The purpose of this paper is to find the optimal debt contract with small business, regarding the issues of randomized costly verification, debt restructuring, and credit rationing. In this model, the bankruptcy decision is modeled as a strategic choice of the borrower. It is found that the bank would not randomized the costly verification even if it could, due to the asymmetric information. Any ramdomized verification will induce some type of borrowers to claim default strategically. The bank considers the bankruptcy cost in the initial credit decisions. The results show that high bankruptcy cost causes credit rationing. The optimal size of the loan decreases as bankruptcy cost increases when the bankruptcy cost is high.

It is found that the standard debt contract is the optimal contract, within the framework of debt, for small business even in the present of the randomized costly verification. This conclusion is quite different from Townsend (1979) and Williamson (1986, 1987). They conclude that the standard debt contract is optimal only with non-random costly verification. Their conclusion follows, because in their model, that the borrower is the residual claimant. In this model, however, when the small business borrowers face local non-competitive financial market, the lender is the residual claimant. Our conclusion is also the result of assuming a continuous payoff distribution, which is more realistic than the discrete payoff distribution assumed in Townsend (1979). Our result shows that strict enforcement of the debt collection law will increase banks' expected profits, which in turn facilitates lending. The higher the bankruptcy cost is, the higher the inefficiency of the lending market is. This conclusion is different from Giammarino and Nosal (1994), who suggest actions such as judicial discretion, which increase the bankruptcy cost, are beneficial because they lower the incidence of inefficient bankruptcy. This paper's result is also much stronger than that of Boyd and Smith (1994), which concludes that the standard debt contract is close to optimal because the welfare loss of imposing the standard debt contract is small.
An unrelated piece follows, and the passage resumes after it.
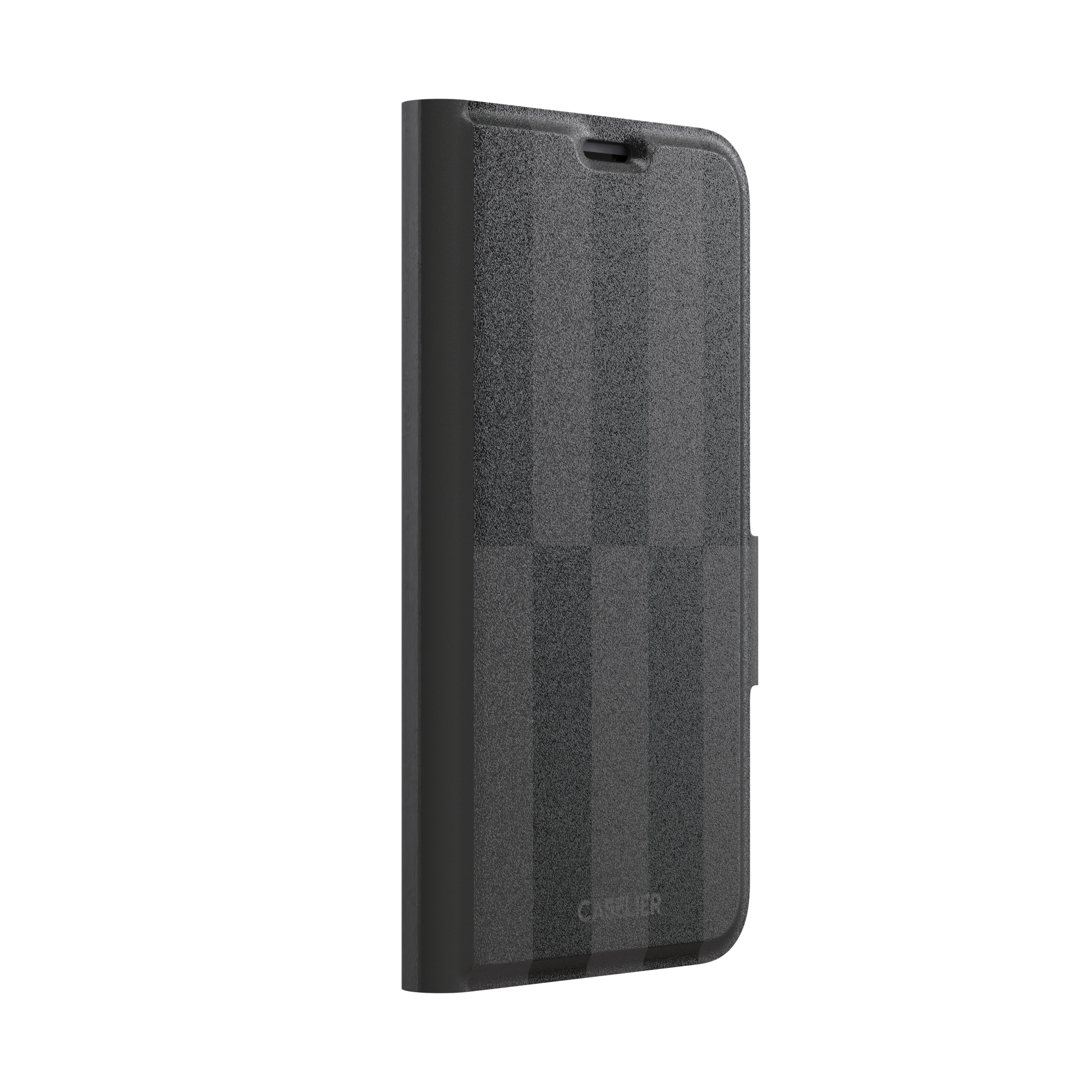 Shifted Stripe phone case in deep black and dark charcoal vertical offset checkerboard pattern, phone case by Caselier — wallet case, left view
The borrower in this model does not have initial wealth, reflecting the simplified feature of small business entrepreneurs in reality. According to a Savings and Community Banker Association survey, an appreciable number of small business loans, about 42%, fail. Banks' loss exposure to small business loans is very significant. The result of this paper supports Bankruptcy Reform Act of 1994 in a way to show that the simplified bankruptcy procedure for small business has great meanings in reducing credit rationing, and consequently, enhancing lending.

This paper is organized as follows. Section 2 describes the model and its environment. The resolution of financial distress is provided in Section 3. The issues of optimal debt contract and credit rationing are addressed in Section 4. The conclusions and empirical implications are summarized in Section 5.

2. The Environment

One of the features of small business entrepreneurs is their low elasticity of demand and low collateral. They usually lack of financial expertise and credit history. However, they usually have to face some big bank that has a lot of local market power. Thus, the local financial market for those small business entrepreneurs could be approximated as a monopoly market. The bank attempts to set high rates to extract the maximum surplus associated with the relatively inelastic demand of the small business borrowers. Existence of the usury laws, which place explicit maximums on the rate of interest that may be charged on a particular type of loans or borrowers, is consistent with the above argument.
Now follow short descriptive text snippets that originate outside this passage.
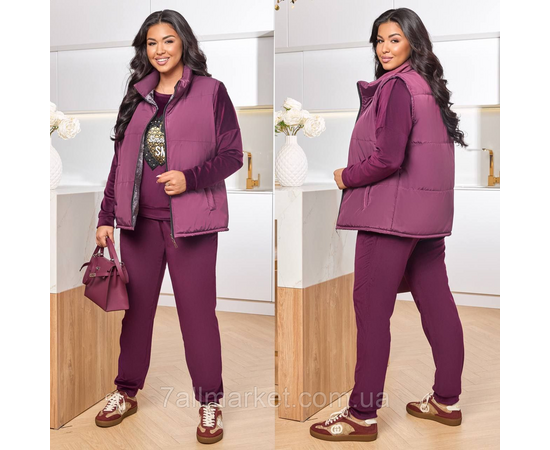 Фотография Костюм 3-ка женский спортивный велюр+плащевка (46-60) "LADA" недорого от прямого поставщика, изображение 2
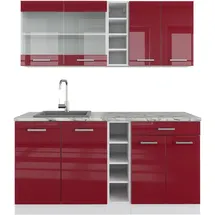 Vicco Küchenzeile R-Line 160 cm Rot Hochglanz/Weiß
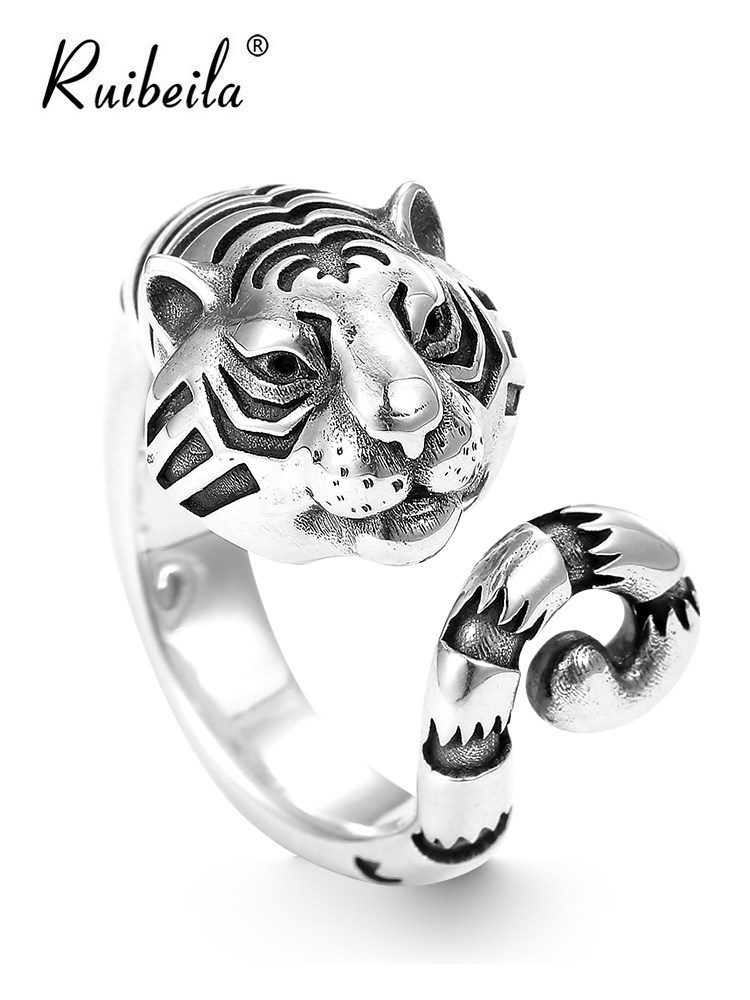 ruibeila tiger year zodiac tiger open ring s925 sterling silver men's national style retro personality new index finger ring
In this model, a risk neutral entrepreneur, who needs to raise external capital to fund an investment project, and a risk neutral bank is used to capture the agency relationship between a small business borrower and a monopoly lender. The borrower has no initial wealth or tradable collateral. The project payoff is normalized by its highest possible payoff and follows the uniform distribution on the interval [0,1]. The distribution of the payoff is a public knowledge. However, the realization of the payoff, denoted by r, is observable only to the borrower. The bank can observe the realized payoff by incurring a monitoring cost.

The contract offered by the bank defines the required payment R, which is the amount of interest plus principal. The required payment R is also normalized by the highest possible payoff thus it is between 0 and 1. Because of the information asymmetry, the bank verifies the cash flow with a positive probability if the borrower claims bankruptcy. This model also allows the bank to credibly commit to a verification policy before the borrower claims bankruptcy. The bank naturally sets the penalty fee, a general function of the difference between the realized payoff and the reported payoff, as large as possible in order to provide more incentive for truthful reporting. Therefore, if the borrower is found to have under-reported his payoff, the bank will take away all the realized payoff.
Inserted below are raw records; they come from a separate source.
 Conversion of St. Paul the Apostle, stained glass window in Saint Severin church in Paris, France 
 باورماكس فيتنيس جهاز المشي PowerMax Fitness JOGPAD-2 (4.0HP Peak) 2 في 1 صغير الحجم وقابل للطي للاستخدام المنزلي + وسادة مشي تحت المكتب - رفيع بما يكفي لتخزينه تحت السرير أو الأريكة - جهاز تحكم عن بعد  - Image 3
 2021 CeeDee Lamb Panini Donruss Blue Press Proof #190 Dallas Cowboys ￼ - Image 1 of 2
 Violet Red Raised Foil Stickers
Kreps and Wilson's (1982) sequential equilibrium concept is used to analyze the model. The borrower's type is identified by his realized payoff, r. The borrower's reported payoff, R'Î[0,1], might be different from the realized payoff. The probability that the bank verifies the reported payoff when the borrower defaults is denoted by p, pÎ[0,1], which is determined endogenously. If p equals to 1, the contract becomes a standard debt contact, under which the bank files bankruptcy to verify the payoff whenever the borrower defaults. If p is less than 1, the bank randomly verifies payoff upon default with probability p.

It is assumed that court observes the realized payoff without error, enforces the terms of the debt contract, and does not exercise judicial discretion. The bankruptcy cost, denoted as L, is determined by legal and other professional fees, administrative fees, and opportunity cost associated with bankruptcy procedure. This cost is initially paid by the bank and then recovered as part of the bank's settlement.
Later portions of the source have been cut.